”Ketentuan lainnya yang belum cukup diatur dalam keputusan ini akan diatur sendiri dalam peraturan organisasi Partai Golkar. Ini suatu keanehan jika menempat SK DPP lebih tinggi kedudukannya daripada peraturan organisasi,” ulasnya.
Keanehan lainnya adalah klaim bahwa pembentukan Majelis Etik telah dilaporkan oleh DPP Golkar dalam forum rapat pimpinan nasional (rapimnas) yang digelar 23 Maret 2018. Faktanya, kata Abraham, pada tanggal itu tidak ada Rapimnas DPP Golkar.
“Yang betul adalah pada 23 Maret 2018 dilaksanakan rakernas (rapat kerja nasional),” tegasnya.
Analisis Abraham soal keanehan Majelis Etik tak berhenti di situ. Merujuk Pasal 32 ayat 5 AD Partai Golkar, kata Abraham, ada dua ketentuan penting tentang rakernas. Pertama, rakernas adalah rapat yang diadakan untuk menyusun dan mengevaluasi program kerja hasil munas.

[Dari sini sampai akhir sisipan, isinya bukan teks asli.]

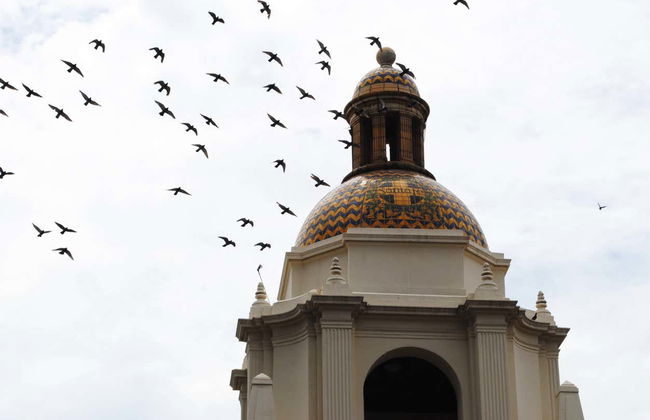 San Diego Private Tour - Foto 3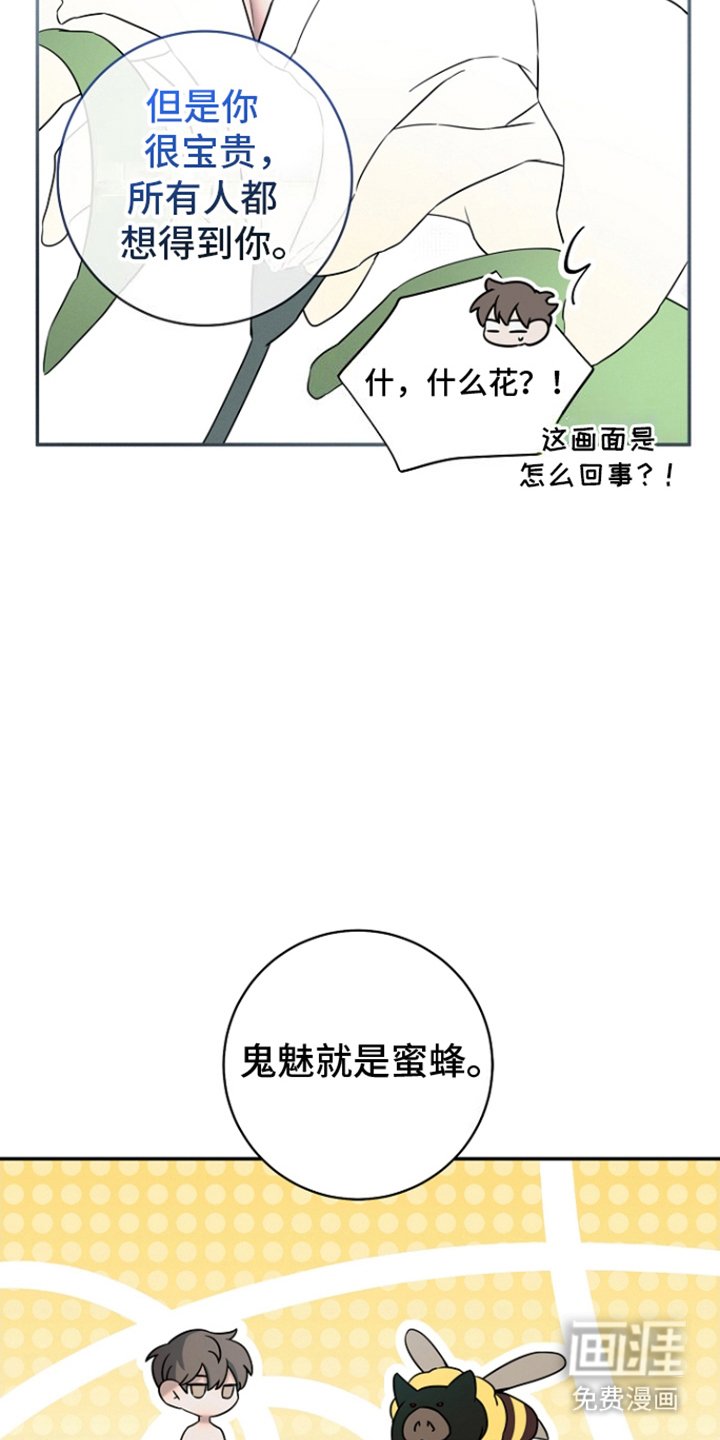 第17章：花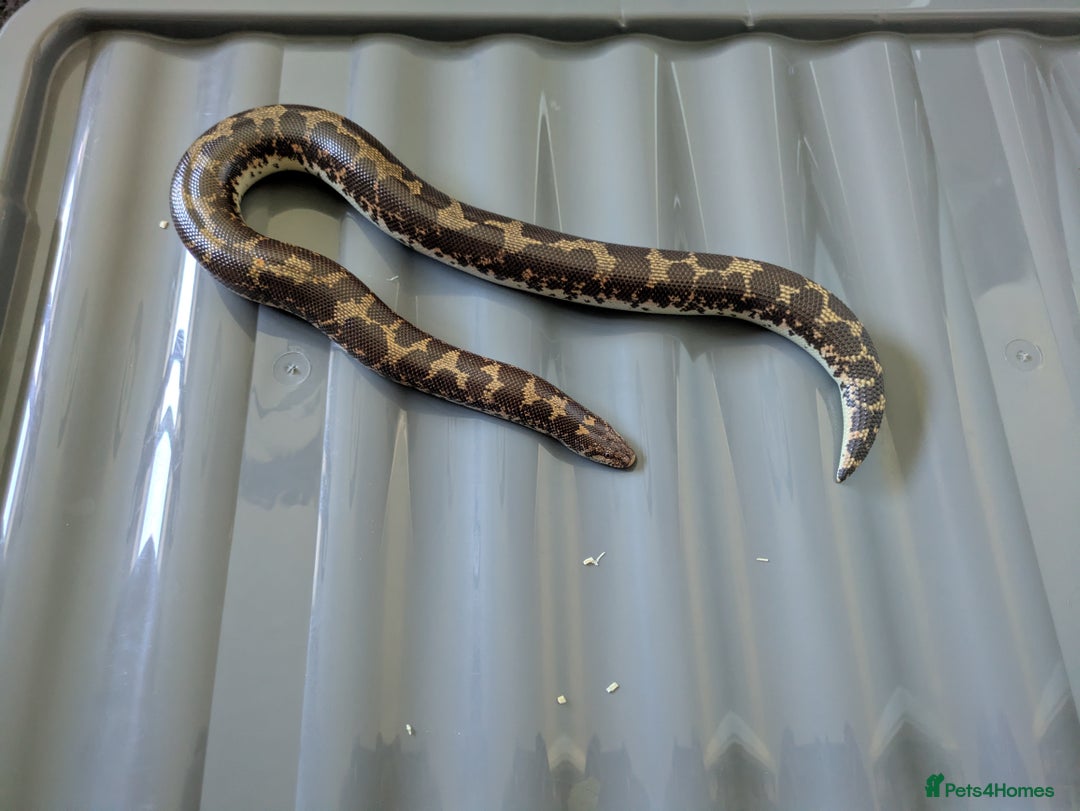 Boa Snake reptiles for sale: Sand boas all need to go  - Image 11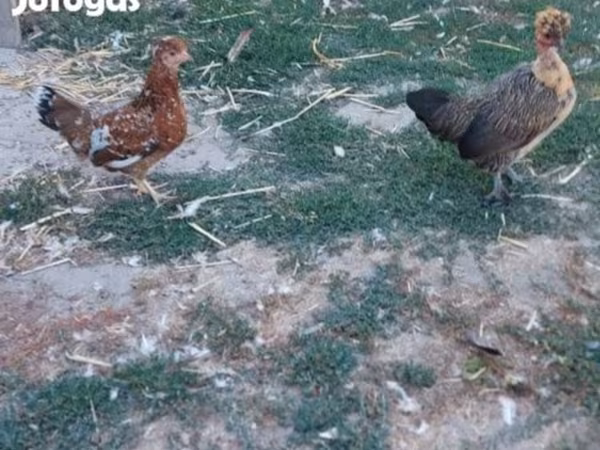 Chickens — Hungary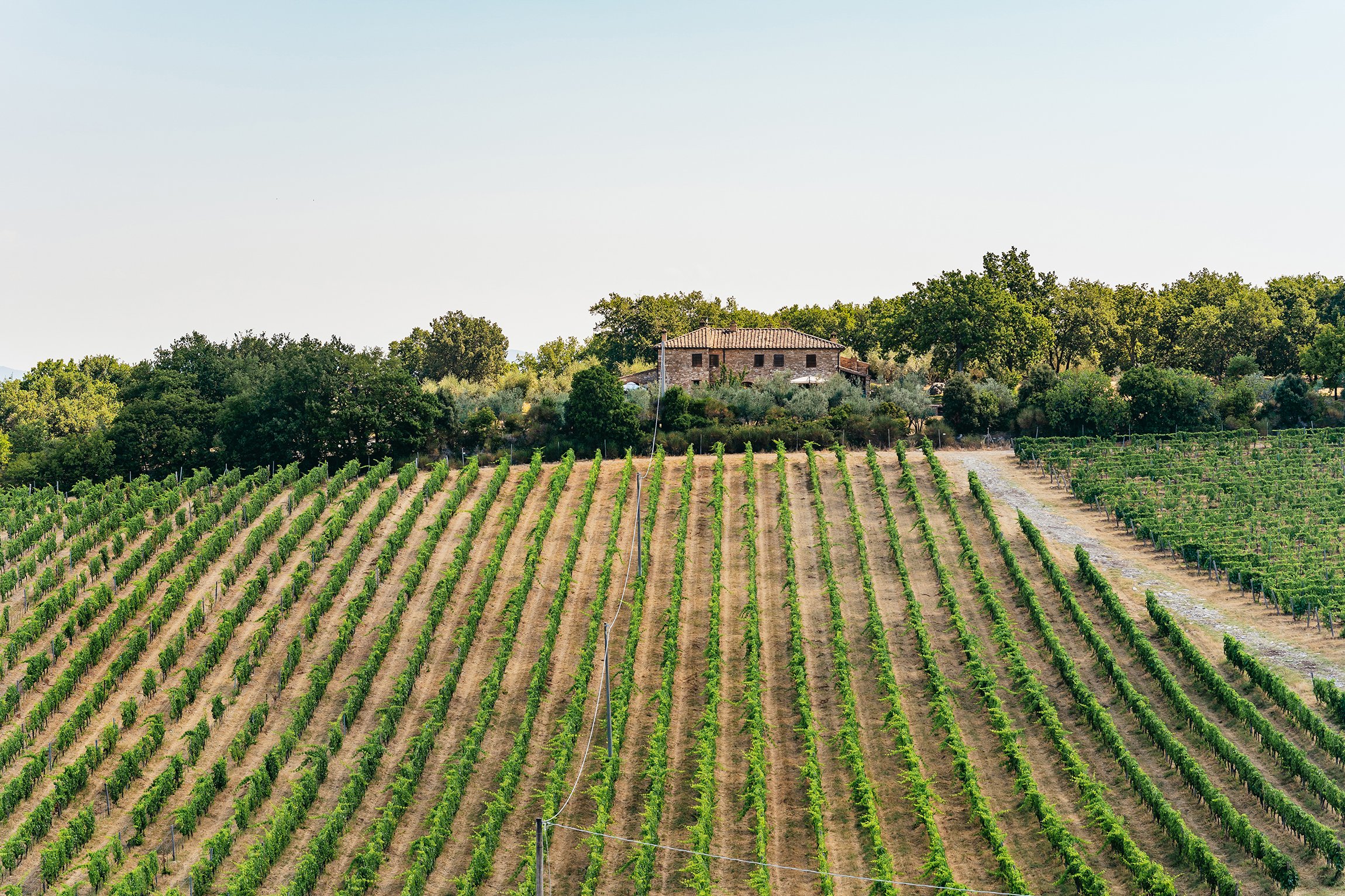 wine tour in Tuscany — photo 4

Kedua, dakernas dilaksanakan pada awal dan pertengahan periode kepengurusan. “Jadi suatu kekeliruan besar jika rakernas merekomendasikan DPP untuk menyusun kode etik,” tegasnya.
Abraham menambahkan, kekeliruan lainnya adalah kode etik yang dituangkan dalam Peraturan Organisasi No. 19/DPP/Golkar/VII/2018 tangal 23 Juli 3018.